BRIEF: Return only the lines of the listing below that run from the line with "4049 Coldwater Canyon" through the line with "Ramiro Peña firma", both ends included, exactly as written.

RECORDS FOR PROCESSING:
○ ○ ○ ○
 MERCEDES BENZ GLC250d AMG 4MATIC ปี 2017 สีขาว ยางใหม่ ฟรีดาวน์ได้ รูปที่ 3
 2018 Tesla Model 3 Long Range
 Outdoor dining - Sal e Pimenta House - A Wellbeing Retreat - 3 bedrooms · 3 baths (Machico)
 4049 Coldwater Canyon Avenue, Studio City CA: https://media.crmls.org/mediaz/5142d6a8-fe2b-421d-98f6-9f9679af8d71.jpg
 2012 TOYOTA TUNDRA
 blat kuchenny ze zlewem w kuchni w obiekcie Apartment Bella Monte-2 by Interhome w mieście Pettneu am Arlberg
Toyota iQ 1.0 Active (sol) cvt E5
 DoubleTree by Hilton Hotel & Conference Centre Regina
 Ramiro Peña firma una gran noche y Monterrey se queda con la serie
○ ○ ○ ○
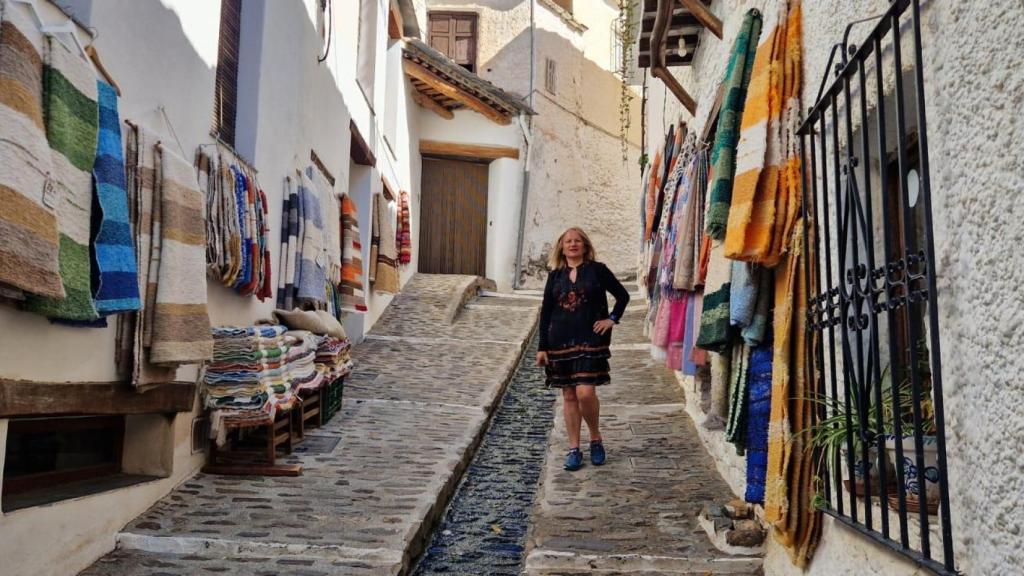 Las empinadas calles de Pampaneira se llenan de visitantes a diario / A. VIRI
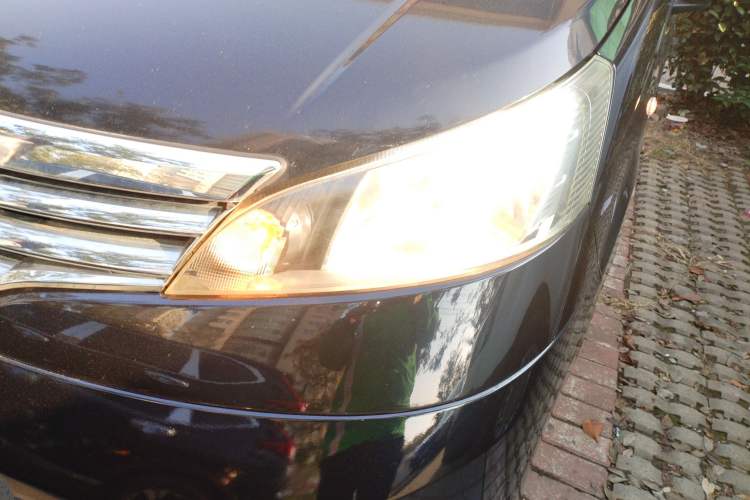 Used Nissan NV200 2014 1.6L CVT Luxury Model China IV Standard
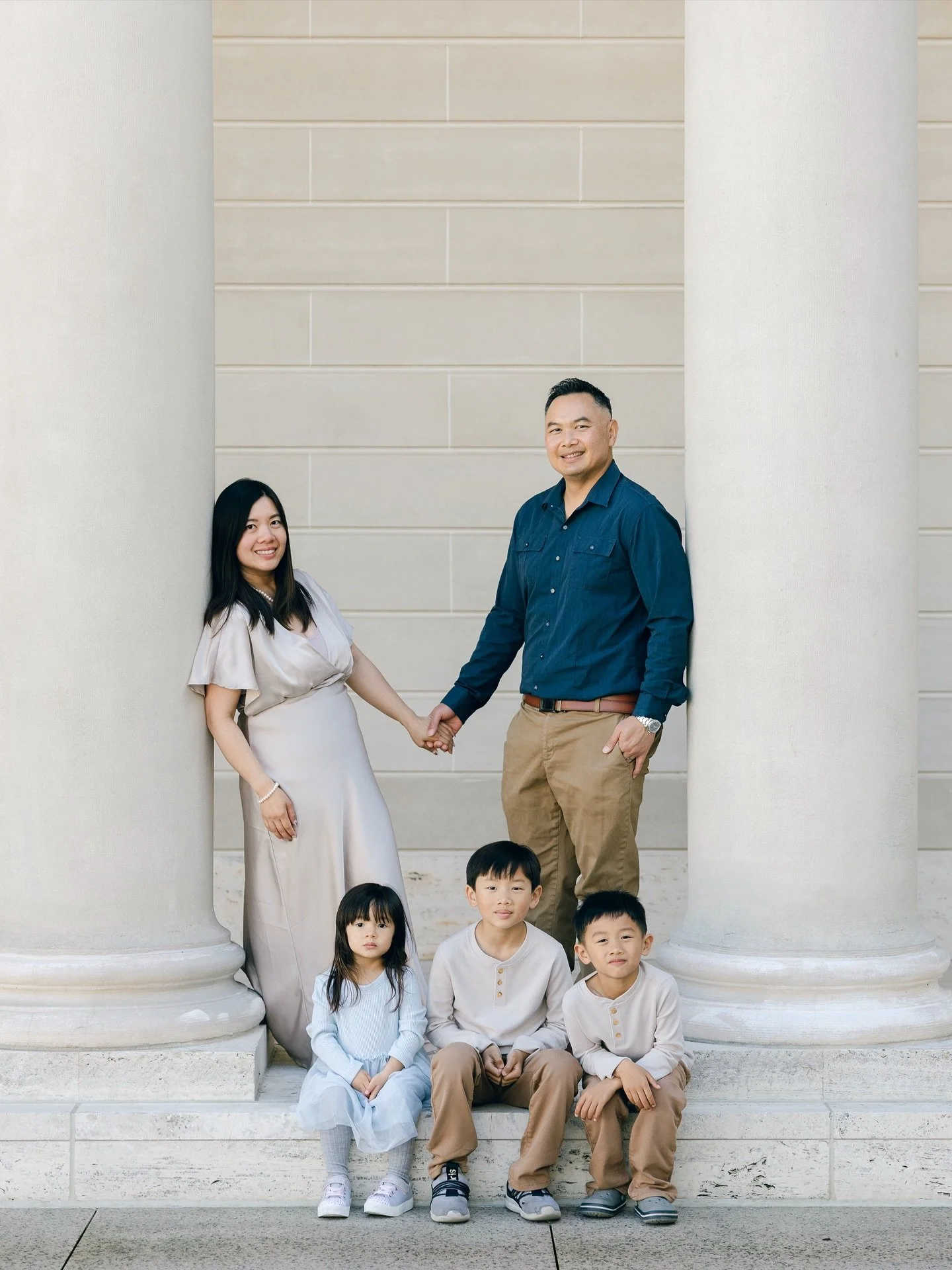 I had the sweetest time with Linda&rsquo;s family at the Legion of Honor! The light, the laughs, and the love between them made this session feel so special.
○ ○ ○ ○
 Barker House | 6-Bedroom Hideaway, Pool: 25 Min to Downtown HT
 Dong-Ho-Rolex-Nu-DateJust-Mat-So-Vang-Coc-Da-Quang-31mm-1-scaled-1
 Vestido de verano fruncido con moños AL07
○ ○ ○ ○
FINISHED EXERCISE:
 4049 Coldwater Canyon Avenue, Studio City CA: https://media.crmls.org/mediaz/5142d6a8-fe2b-421d-98f6-9f9679af8d71.jpg
 2012 TOYOTA TUNDRA
 blat kuchenny ze zlewem w kuchni w obiekcie Apartment Bella Monte-2 by Interhome w mieście Pettneu am Arlberg
Toyota iQ 1.0 Active (sol) cvt E5
 DoubleTree by Hilton Hotel & Conference Centre Regina
 Ramiro Peña firma una gran noche y Monterrey se queda con la serie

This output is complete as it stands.